Winter skating on the main canal of Pompenburg,Rotterdam in 1825, shortly before the minimum, by Bartholomeus Johannes van Hove is painted. Credit: .

Farms and villages in the Swiss Alps were destroyed by encroaching glaciers during the mid-17th century.[22] Canals and rivers in Great Britain and the Netherlands were frequently frozen deeply enough to support ice skating and winter festivals.[22]

Sea ice surrounding Iceland extended for miles in every direction, closing harbors to shipping: the population of Iceland fell by half, but that may have been caused by skeletal fluorosis after the eruption of Laki in 1783.[23] Iceland also suffered failures of cereal crops and people moved away from a grain-based diet.[24] The Norse colonies in Greenland starved and vanished by the early 15th century, as crops failed and livestock could not be maintained through increasingly harsh winters: Greenland was largely cut off by ice from 1410 to the 1720s.[25]

Snowfall "was much heavier than recorded before or since, and the snow lay on the ground for many months longer than it does today."[26] In Lisbon, Portugal, snowstorms were much more frequent than today; one winter in the 17th century produced eight snowstorms.[27] Many springs and summers were cold and wet but with great variability between years and groups of years, crop practices throughout Europe had to be altered to adapt to the shortened, less reliable growing season, and there were many years of dearth and famine (such as the Great Famine of 1315–1317, but that may have been before the Little Ice Age).[28]

"Famines in France 1693–94, Norway 1695–96 and Sweden 1696–97 claimed roughly 10 percent of the population of each country, whereas in Estonia and Finland in 1696–97, losses have been estimated at a fifth and a third of the national populations, respectively."[29] Viticulture disappeared from some northern regions and storms caused serious flooding and loss of life, some resulted in permanent loss of large areas of land from the Danish, German, and Dutch coasts.[26]
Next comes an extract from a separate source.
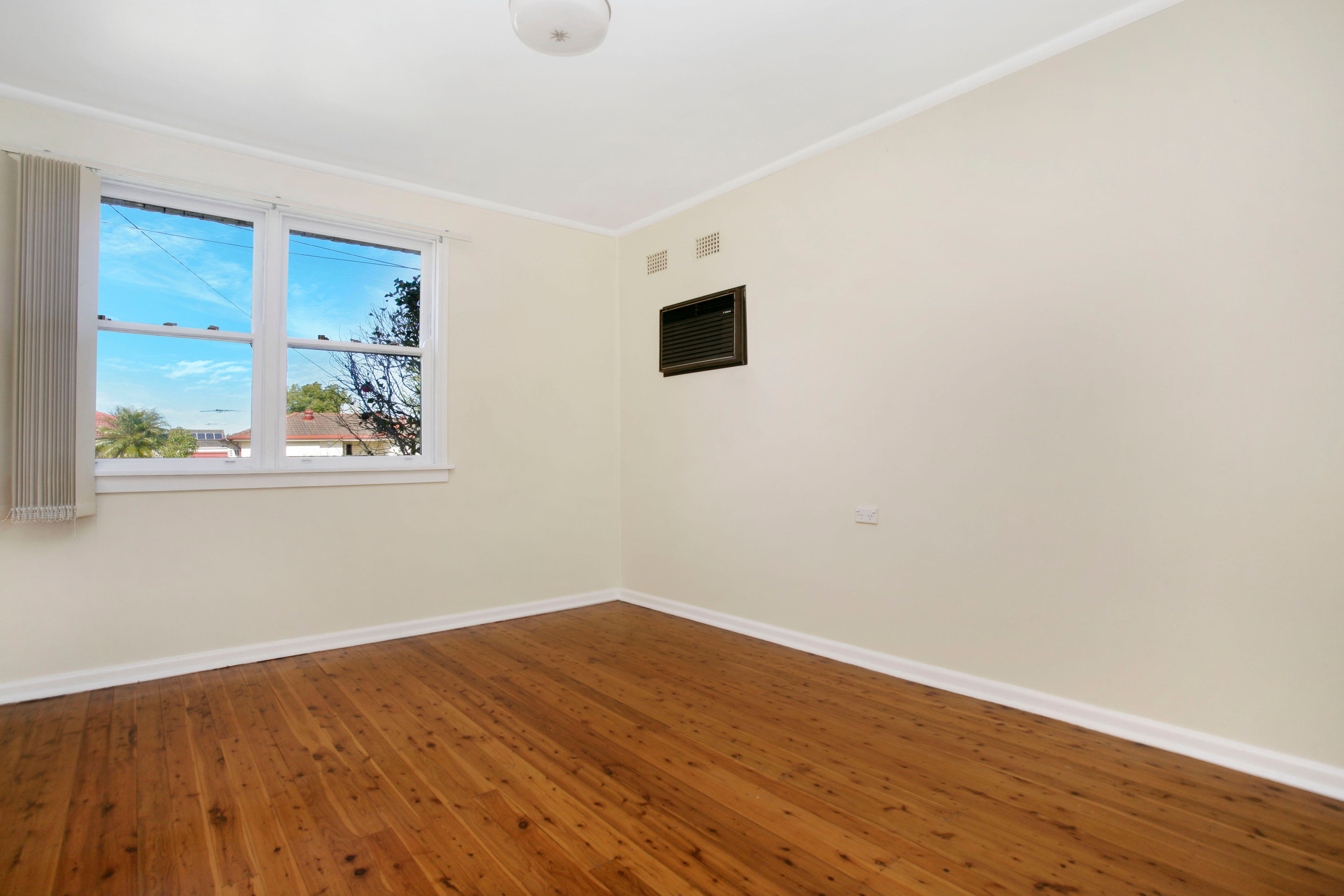 51 Crosby Crescent, Fairfield, NSW 2165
The violin maker Antonio Stradivari produced his instruments during the Little Ice Age: the colder climate is proposed to have caused the wood used in his violins to be denser than in warmer periods, contributing to the tone of his instruments.[30] The period inspired such novelties in everyday life as the widespread use of buttons and button-holes, and knitting of custom-made undergarments to better cover and insulate the body, fireplace hoods were installed to make more efficient use of fires for indoor heating, and enclosed stoves were developed, with early versions often covered with ceramic tiles.[31]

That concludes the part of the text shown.